**Exercise aim**
Write out every entry, unchanged. Skip any picture.

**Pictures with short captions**
------------------------------------------------------------

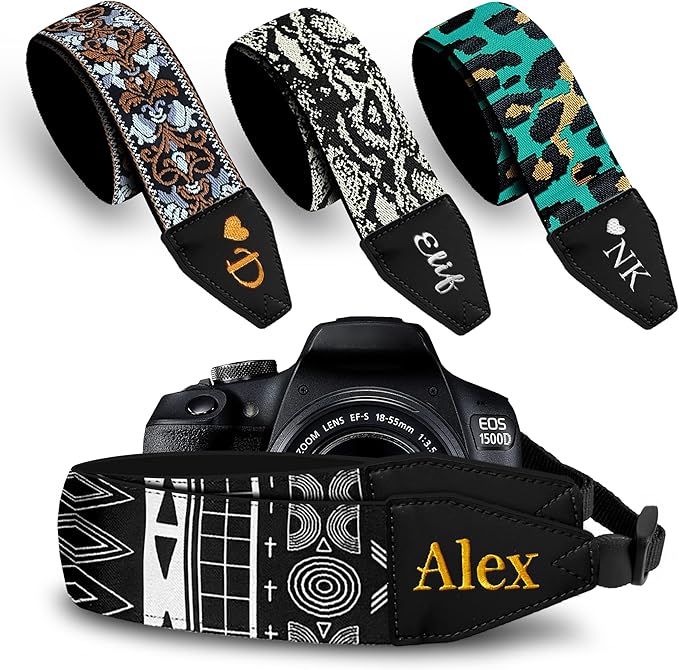 Art Tribute Camera Strap for All DSLR and Mirrorless Cameras. Add Your Name Or Initials Make It a Personalized Gift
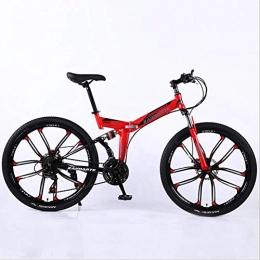 DGAGD Folding Bike DGAGD 24 inch folding mountain bike adult off-road soft tail bicycle ten cutter wheels-red_27 speed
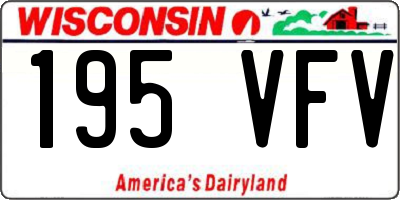 WI license plate 195VFV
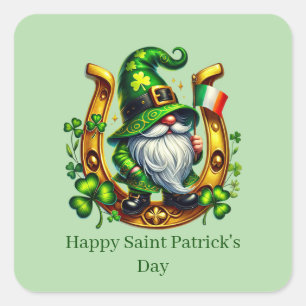 Frohen St. Patrick's Day anpassbarer Leprechaun  Quadratischer Aufkleber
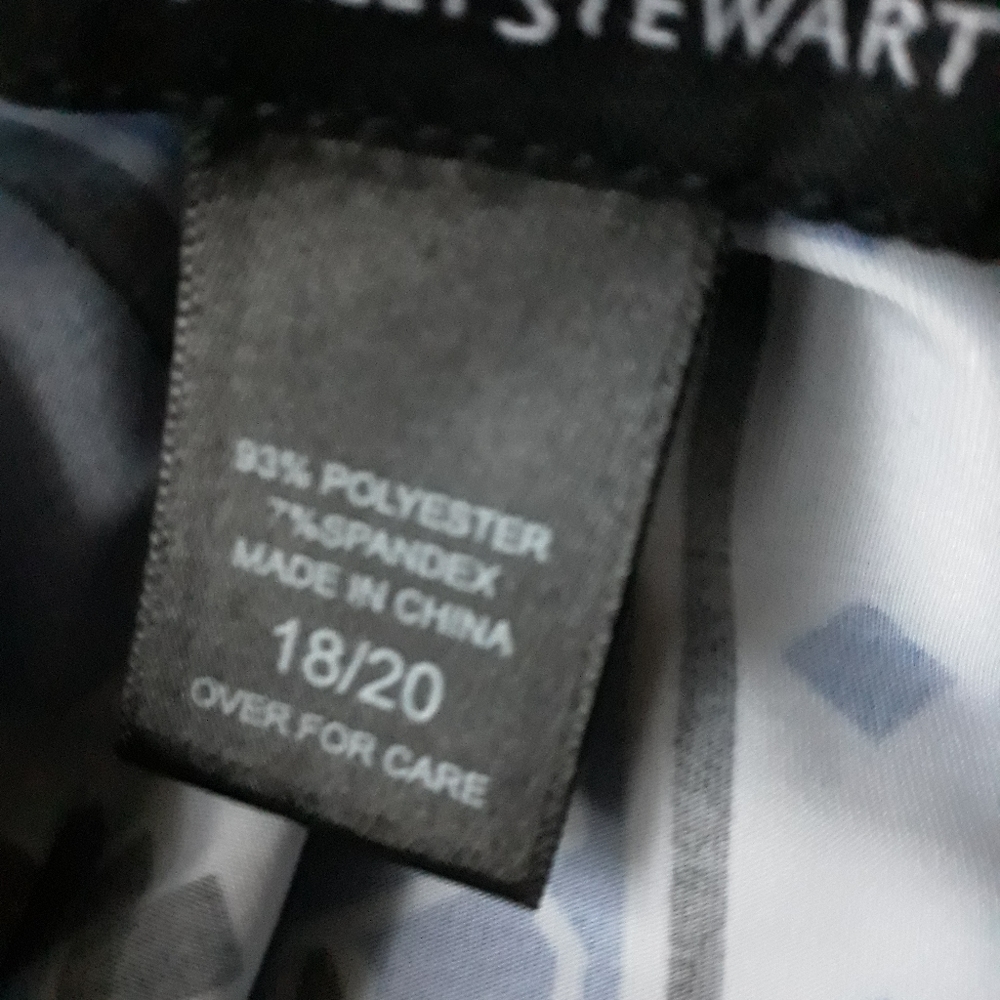 Size 18/20 off the shoulders black, blue, and white top.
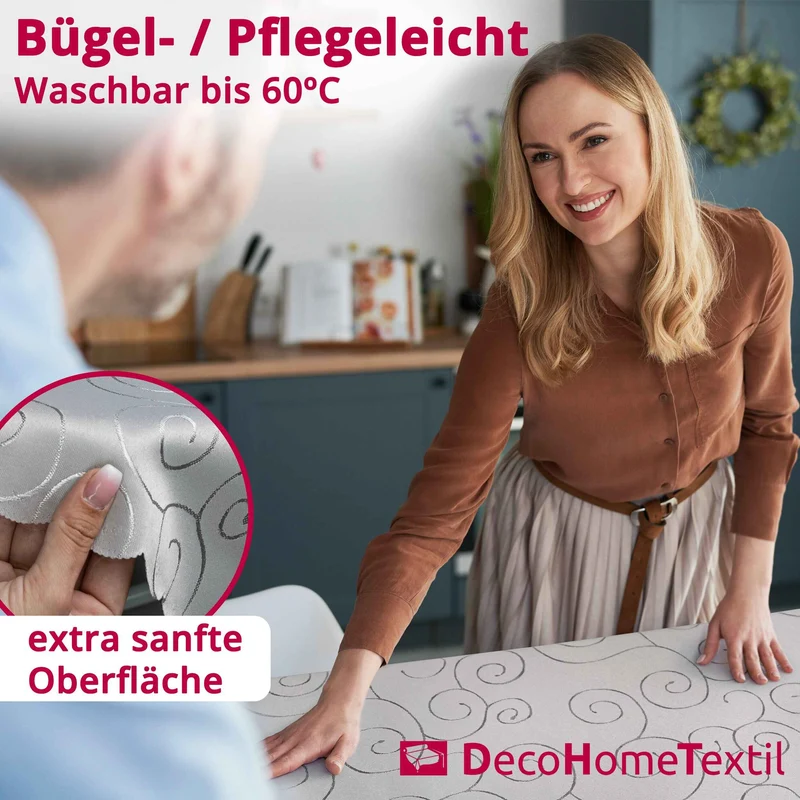 Kringel Ornamente Tischdecke Weiß eckig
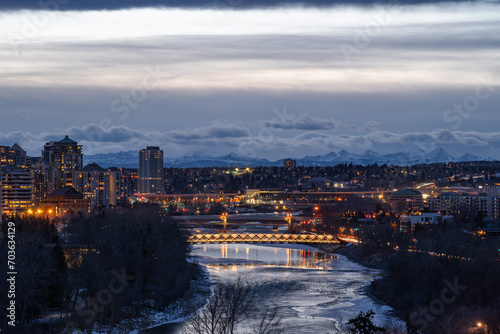 Bow River, Calgary Downtown, Rocky Mountains in the Back, The Rockies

------------------------------------------------------------

**Answer to this problem**
 Art Tribute Camera Strap for All DSLR and Mirrorless Cameras. Add Your Name Or Initials Make It a Personalized Gift
 DGAGD Folding Bike DGAGD 24 inch folding mountain bike adult off-road soft tail bicycle ten cutter wheels-red_27 speed
 WI license plate 195VFV
 Frohen St. Patrick's Day anpassbarer Leprechaun  Quadratischer Aufkleber
 Size 18/20 off the shoulders black, blue, and white top.
 Kringel Ornamente Tischdecke Weiß eckig
 Bow River, Calgary Downtown, Rocky Mountains in the Back, The Rockies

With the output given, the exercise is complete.